Crossroads Asia

Syrian Sides Snub Final Document at Astana Peace Talks

Recent Features

Crossroads Asia

Syrian Sides Snub Final Document at Astana Peace Talks

Russia, Turkey and Iran conclude the two-day negotiation with an agreement on jointly monitoring the shaky ceasefire.

Syrian Sides Snub Final Document at Astana Peace Talks
Credit: Ministry of Foreign Affairs Kazakhstan Facebook

Invited by Russia, Iran and Turkey, Syrian rebels and government officials gathered in Kazakhstan to strengthen the shaky ceasefire signed in December. The two-day negotiation fell short of the grand expectations of Kazakh President Nursultan Nazarbayev, who offered Astana as the venue for the talks.

The first day disappointed the hopeful. The opposition groups accused the government of breaking the ceasefire and walked out of the talks. The Syrian government delegate responded by labeling the opposition forces as “terrorist.”

The rebel groups refrained from sitting at the table in light of the government’s bombing in Wadi Barada, near Damascus. “There are no direct negotiations” Issam al-Reid, a member of the armed opposition said. “The talks will be with the United Nations if the ceasefire is not implemented, particularly in Wadi Barada.”

On the second day, the parties still sat at different tables – in different rooms – and continued to accuse each other of undermining the talks. After two days of open acrimony, delegates from the Syrian government and oppositions refused to sign the joint declaration, issued by Russia, Turkey and Iran, on setting up a trilateral commission to monitor the ceasefire.

“There will be no signing,” Yahya al-Aridi, a spokesman for one of the armed rebels sides, said.

Talks at the UN in Geneva are scheduled for February 8, but in the meantime, the rebel groups said they will continue the war of position. “If the negotiations succeed, then we are with the negotiations,” rebel spokesman Osama Abu Zeid told AFP  during the talks. “If they don’t succeed, unfortunately we’ll have no choice but to continue fighting.”

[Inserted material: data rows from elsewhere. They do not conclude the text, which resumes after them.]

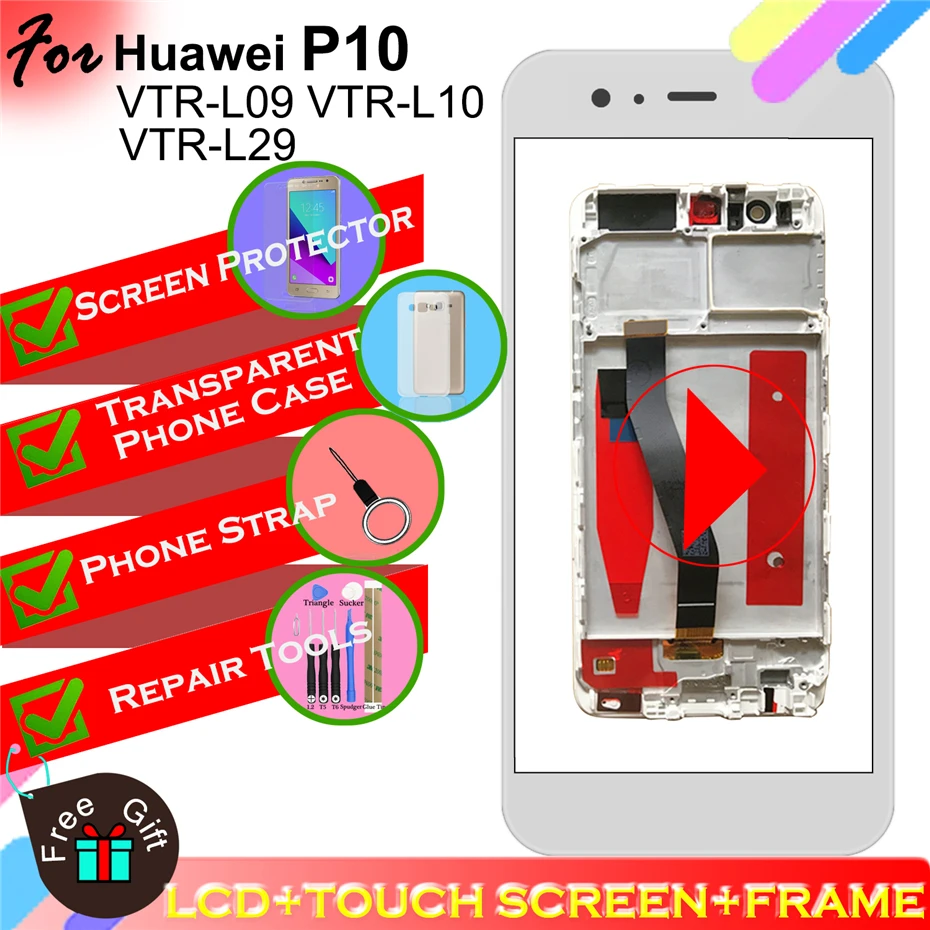 P10 LCD Screen For Huawei P10 VTR-L09 VTR-L10 VTR-L29 LCD Display Touch Screen Digitizer Assembly with frame
P10 LCD Screen For Huawei P10 VTR-L09 VTR-L10 VTR-L29 LCD Display Touch Screen Digitizer Assembly with frame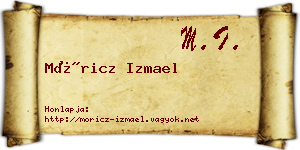 Móricz Izmael névjegykártya
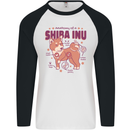 Shiba Inu Anatomy Mens L/S Baseball T-Shirt White/Black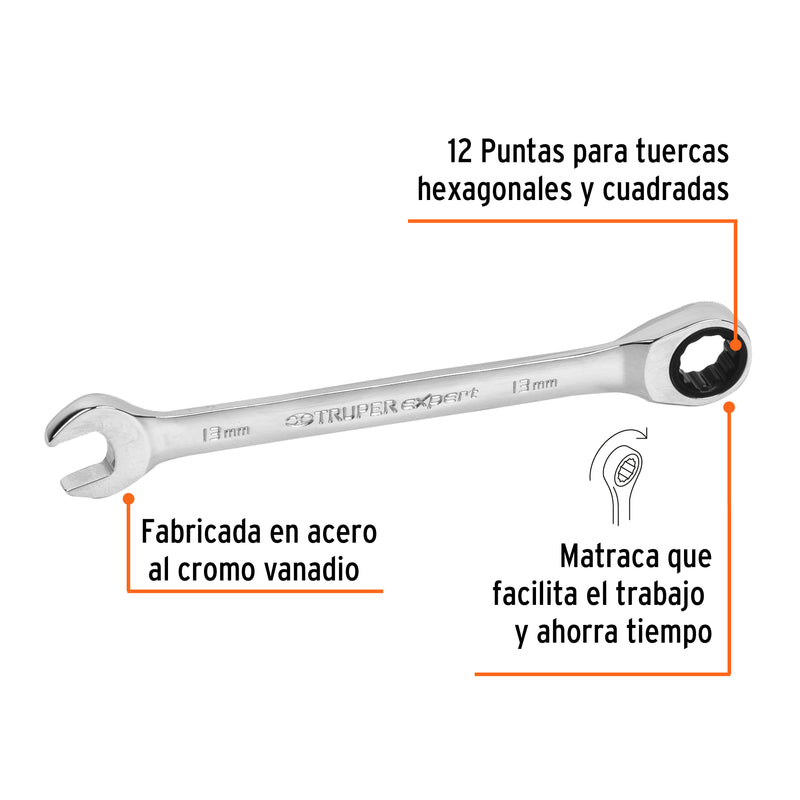 Llave combinada con matraca 13 mm x 174 mm largo, Truper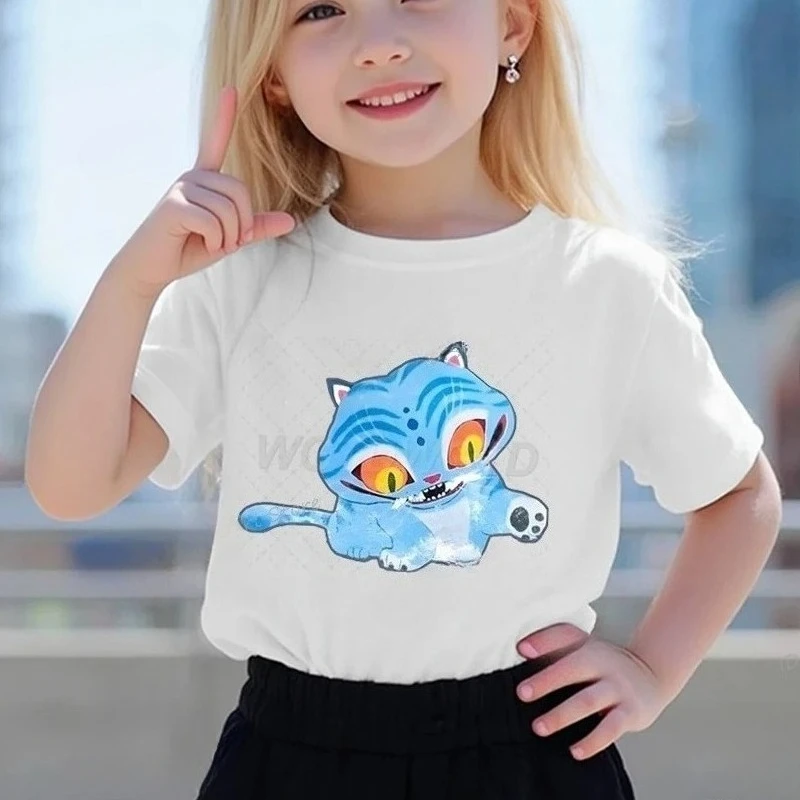 

KPop Demon Hunters Tiger T-shirts New Cartoon Print Kids Tee Soft Baby Girls Boys T Shirt Cute Tiger Print Child Clothing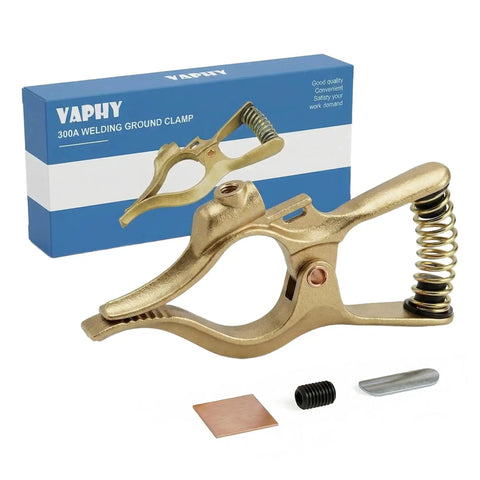 300 Amp T Style Brass Welding Ground Clamp For Rock Solid Grounding And Large Cable Connections 7 Inch Long With One And Three Quarter Inch Jaw Opening Durable Brass Construction Golden Finish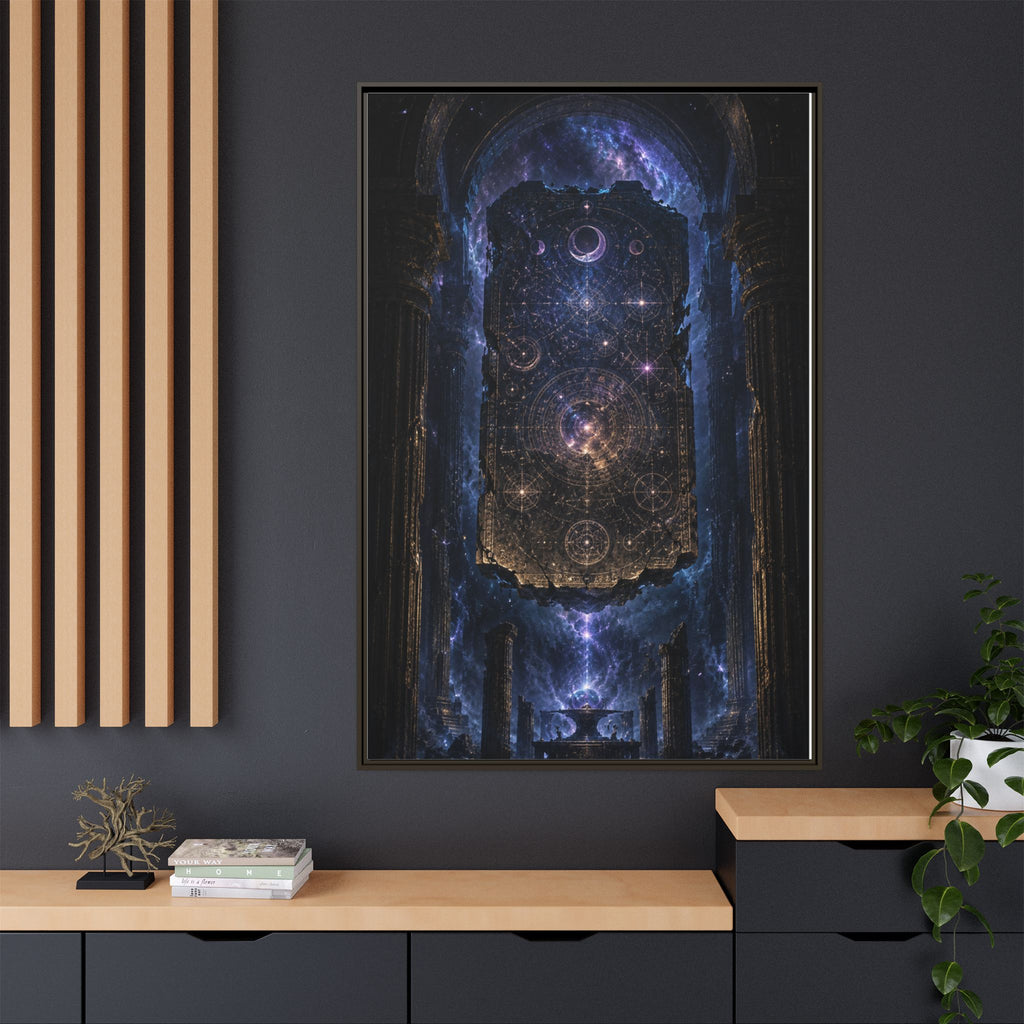 Framed Matte Canvas Wall Art — Cosmic Cathedral Galaxy Print
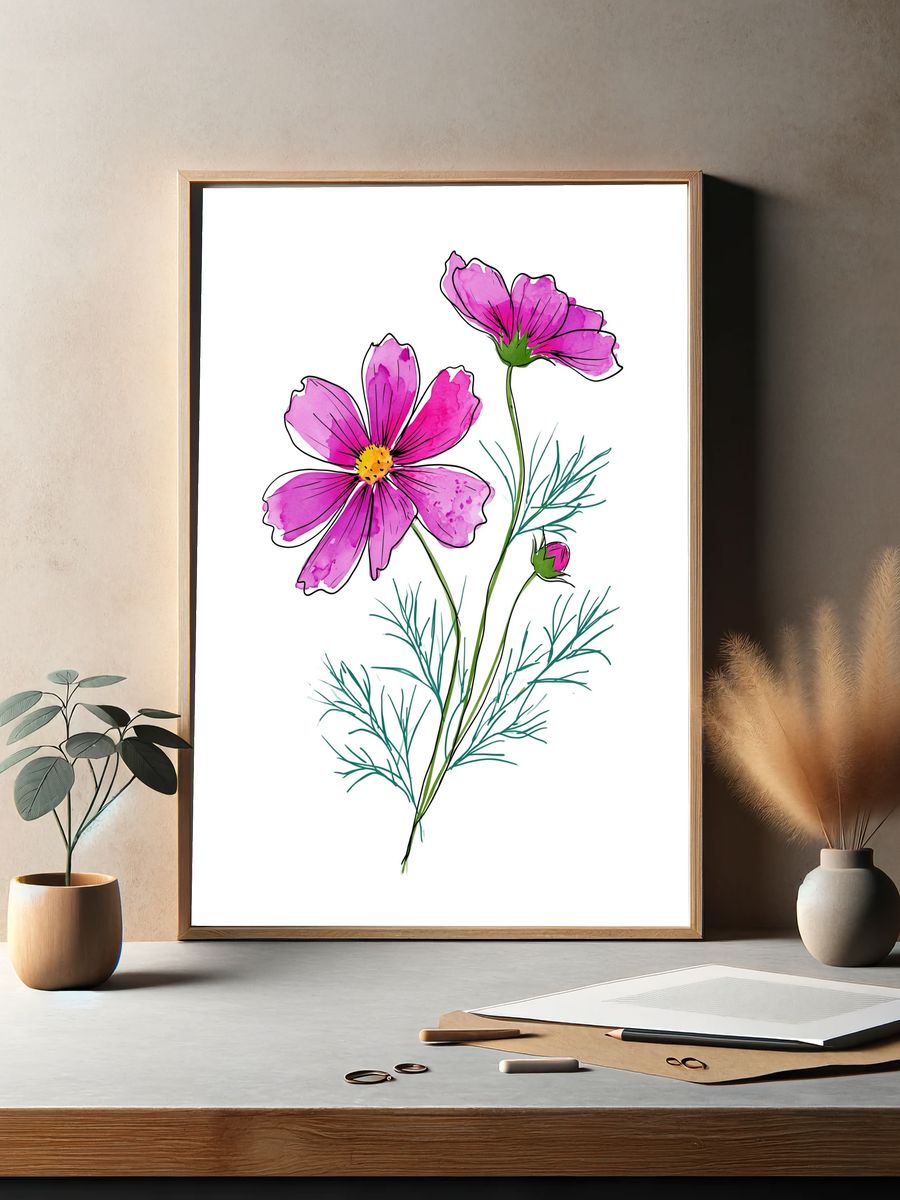Pink Cosmos Botanical Print. — room view 2
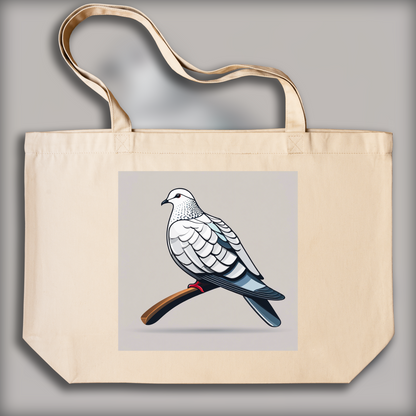 Tote bag IA ample écologique - Icône flat, Colombe - 3793157570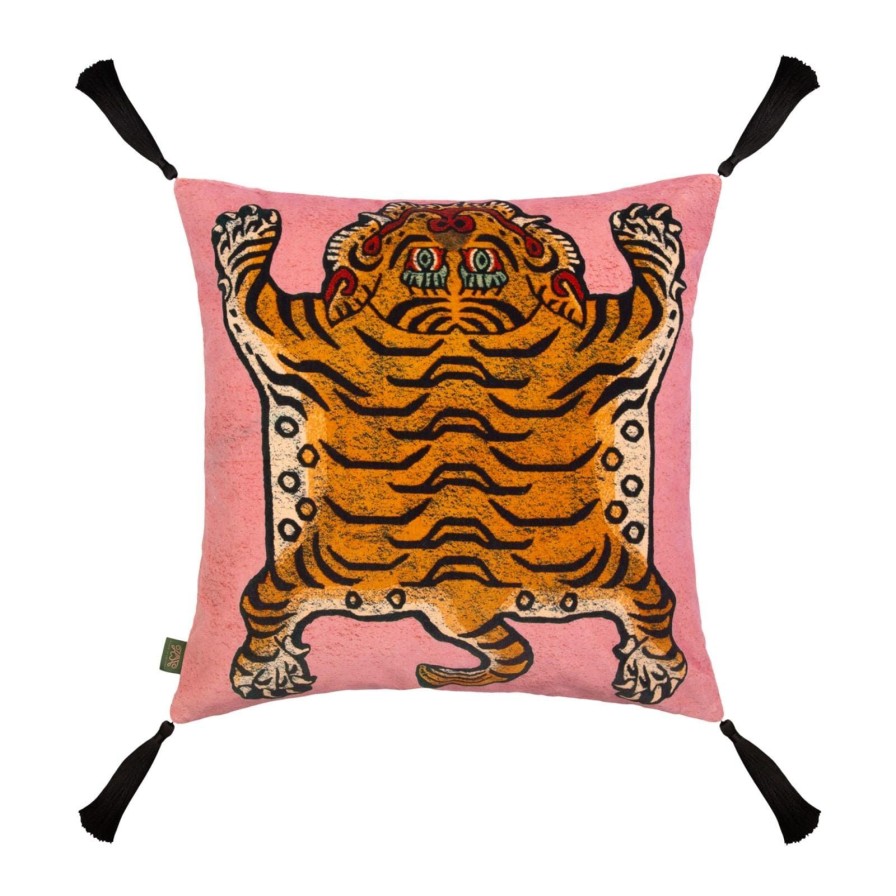 Accessories House of Hackney Animal Cushions | Saber Medium Tassel Velvet Cushion-Tourmaline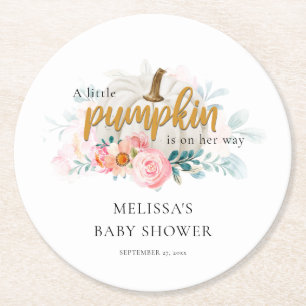 Dessous-de-verre Rond En Papier Floral Automne Citrouille Baby shower d'automne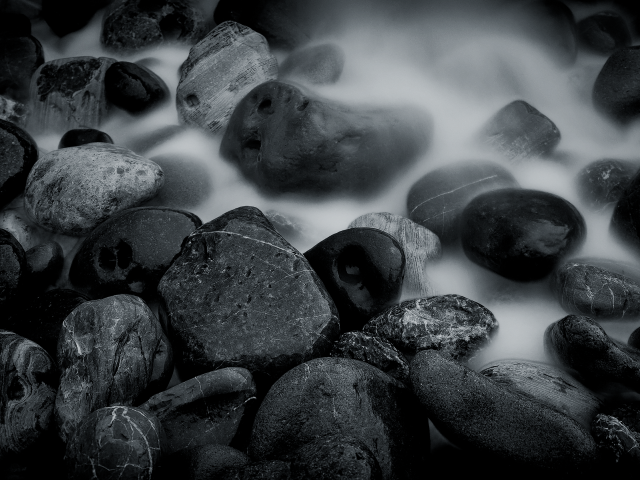 Black white rocks water stream free wallpaper - medium preview image
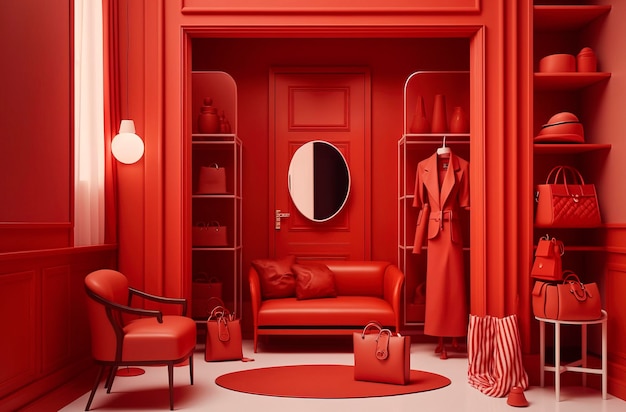 Generative AI illustration of Luxury Stores decorated in different colors with beautiful interior design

With the deadlock still unresolved, the UN talks will be crucial. “The talks in Astana are not an alternative to the Geneva talks next month, but are an additional step,” Roman Vassilenko, the Kazakh deputy foreign minister, said, shrugging off responsibility for the stalled negotiations.

UN special envoy Staffan de Mistura met with Nazarbayev during the first day of negotiations and praised Kazakhstan’s efforts in the resolution of international conflicts.

“Your country has already shown its efforts for the resolution of the most difficult situations in the international arena. Kazakhstan’s non-permanent membership in the UN Security Council will represent an additional opportunity to help resolve the Syrian conflict,” de Mistura told Nazarbayev.

Regardless of the outcome, the Astana meeting on Syria became another badge in Kazakhstan’s collection of diplomatic achievements. After hosting a meeting of the OSCE in 2010, Kazakhstan reached the peak of its international fame – despite shortcomings in the final agreement – and could ascribe the success to decades of pursuing a multi-vector foreign policy.

In 2013, Kazakhstan hosted nuclear talks between the P5+1 and Iran in Almaty. The meeting, chaired by the EU’s Catherine Ashton, ended positively and paved the way for more frequent negotiations.

After these major international successes, Kazakhstan tried to play the role of peace broker two years ago, after the conflict in Ukraine had heated up. In December 2014, Nazarbayev visited Ukraine to hold talks with President Petro Poroshenko. His diplomatic tour continued to Belarus, where he met with Russia’s Vladimir Putin to discuss the Ukraine crisis on the sidelines of a Eurasian Economic Union summit. Hence, Nazarbayev lodged the idea to host peace talks in Astana, to which Putin immediately agreed.

The following January, however, lack of progress in the negotiations led the governments of Germany and France to keep a low profile in the Ukraine talks and to continue to lay the groundwork for a concerted solution in the “Normandy Group” format, which only included Germany, France, Russia and Ukraine. Holding a large “peace meeting” in Astana was perhaps overshooting the concrete possibility of a resolution of the conflict. The Astana talks, scheduled for January 15, 2015 became increasingly unlikely, until they were postponed indefinitely.

The failed attempt to broker a peace deal led Kazakhstan to host negotiations on Syria in Astana the following May. The Syrian conflict continued to worsen and international negotiations had reached a deadlock. The talks of 2015 weaved around the Geneva talks, but had little success and were taken in little consideration by international media because the Syrian government had refused to participate in the talks and the assembly in Astana was deemed just a diplomatic performance. A second meeting in October 2015, featured again only Syrian opposition figures, who called for internationally-monitored elections the following year.

This week’s Syrian talks in Astana could be considered a diplomatic coup, just because they took place. Despite the rather disappointing result, Kazakhstan’s foreign minister Kairat Abdrakhmanov took the podium to read the final statement, which ended with a thank you note to Nazarbayev.

It is unclear whether there will be more meetings of the Syrian sides in Astana in the future. But Kazakhstan will now have one more reason to portray itself as a hub for diplomatic exchanges.